Posted by Andrew Giddings On April - 4 - 2010

Secret tape reveals Tory backing for ban on gays

This headline, currently the top story on Guardian.co.uk, conjures up all sorts of imagery. A man wearing a blue rosette sits with a white-suited figure in a dark, mysterious office overlooking London. The only light in the office comes from the murky sunset, trickling in between the half-closed blinds and casting slashes of yellow light interspersed with black bars across the two mens’ faces. The man in the white suit mutters to the other: “I want to ban the gays. I want them gone.” The man with the blue rosette leans back in his chair and places his fingertips together: “I can make than happen”.

The two men gently clink their crystal whiskey glasses together and sip their pre-war Scotch. The agreement made, they begin to discuss other matters, unaware of the tiny camera and microphone hidden in the smoke detector on the ceiling. A man died to get it there, but his sacrifice was not in vain. Tomorrow, the whole world will know of the Tory backing for ban on gays.

That’s what I had in mind, anyway. Your imagination may have produced something with a few variations but I expect we’re all pretty much on the same page. But, based on the content of the story, here’s what the headline should read:

A Tory has mentioned that he believes that people who run a B&B from their own private home should have the right to turn people away if they don’t want them in their house.

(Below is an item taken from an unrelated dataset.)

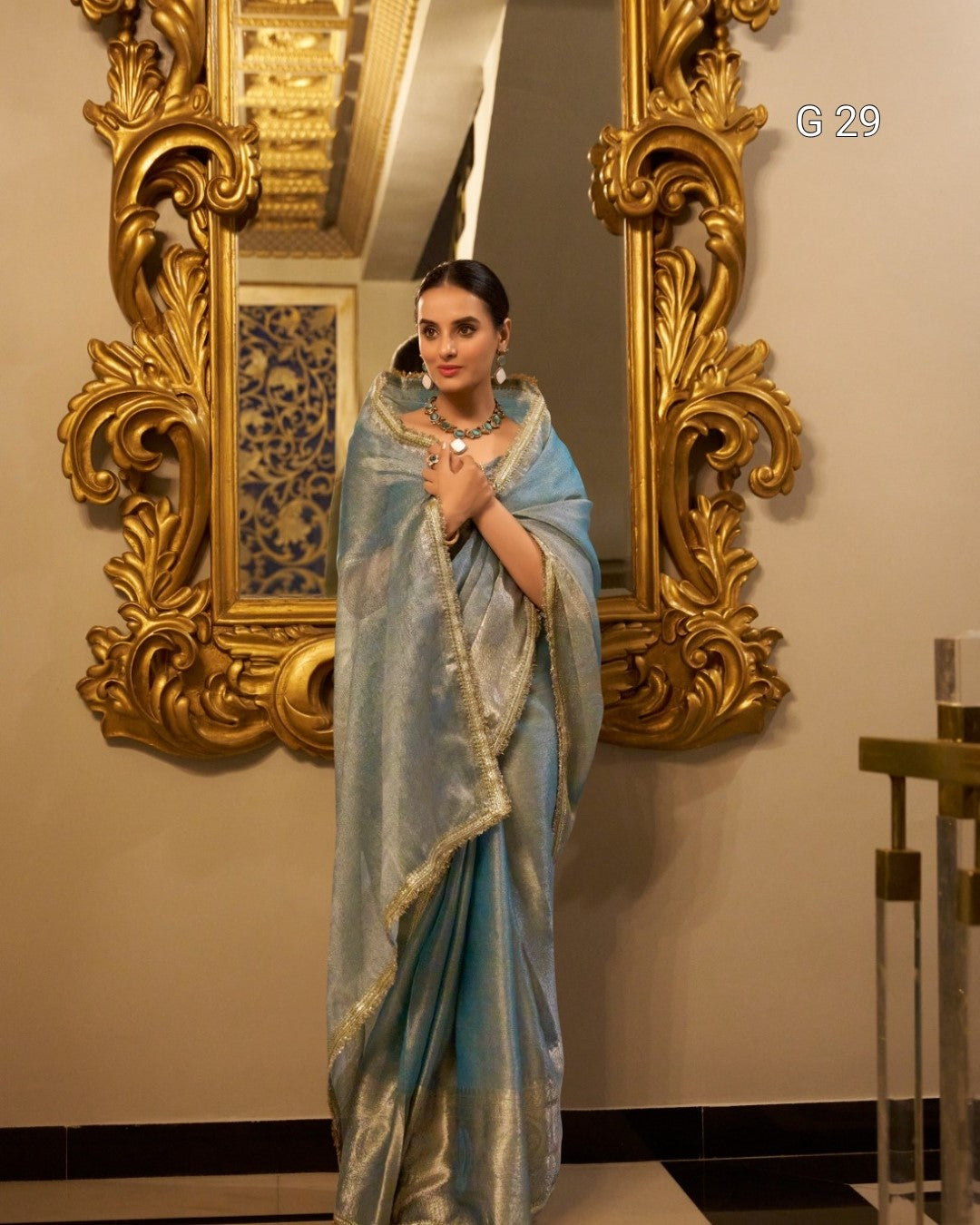 Woman in a light blue saree standing in front of an ornate gold mirror.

So the picture I painted was a bit wrong. The conversation didn’t take place in a secret but opulent office, it happened at a Centre for Policies meeting. More importantly, it wasn’t really about a “ban on gays”, it was about whether or not running a business from your home should mean you are subject to the same commercial laws as someone running one from dedicated premises. The focus was on the Shadow Home Secretary though, so at least all the shadow stuff I had in my head was sort of right.

He, perhaps unwisely, used the example of a Christian couple being unhappy with the idea of two men sharing a bed in their spare room. He could have just as easily used the example of an elderly couple being nervous about having a group of hard-drinking, noisy football fans in their house. If he’d known a camera was on him, he probably would have.

I am not writing to say whether or not I agree with the effects that opening a Bed & Breakfast may have on the rules that apply to the building. I certainly wouldn’t agree with a “ban on gays”, if that was under discussion. Which it wasn’t. I am writing to say that I feel rather disappointed by the behaviour of The Guardian. Normally I quite like that paper, but my respect for it was somewhat diminished when I saw this. I know that headlines have to be attention-grabbing, and I know that newspapers are businesses and have to sell copies, but I can’t agree with a headline which completely skews the facts and tells a different story. Even The Sunday Sport, if it decided to dip its toe into politics (think of the possibilities) would think twice before twisting something as drastically as this. Is Britain about to find itself with another tabloid?